Es un lugar increible, en donde la fatiga y el cansancio se hace notar(una buena reserva de hojas de coca ayuda a soportar el soroche-mal de altura si lo masticamos lentamente), pero el paisaje, la tranquilidad y el misticismo del sitio hacen llevadero cualquier malestar que se tenga. Nuestro amigo prefirió quedar en el vagón, sin bajar y disfrutar del aire límpido, gélido y reconfortante de las montañas. Vimos en él un halo de tristeza por no echar a correr y disfrutar de la nieve como todos nosotros.

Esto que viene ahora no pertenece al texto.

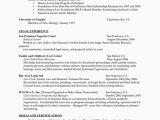 About Me Sample Resume Resume Tips for the Professional Position Tie Fighter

Nos dijo algo que nos dejó de piedra. Dijo que tarde o temprano, aunque se muriera, que haría eso que hacíamos nosotros en ese momento, correr y correr con la típica falta de oxigeno que dá las alturas, Alegó el típico cansancio del viaje, por eso prefirió quedarse sentado en el vagón. Al acabar la excursión nos despedimos hasta otra vez, pero a él no lo volvimos a ver. Años más tarde, realizó ese mismo recorrido pero con su mujer e hijos. Llegado al punto alto, quiso hacer lo que no hizo en sus años de juventud, saltar y correr en la nieve y disfrutar, con tan mala suerte que su corazón no resistió la altura y murió tirado en la nieve con una cara de felicidad. Esto nos lo contaba su mujer, porque sabía de la historia pasada años atrás. Me dejó apenada, pero según decía su mujer, sabía que moriría en las alturas y se lo tomaba con resignación, como preparándose para el último viaje. ¿acaso sabemos de antemano lo que nos deparará el futuro?"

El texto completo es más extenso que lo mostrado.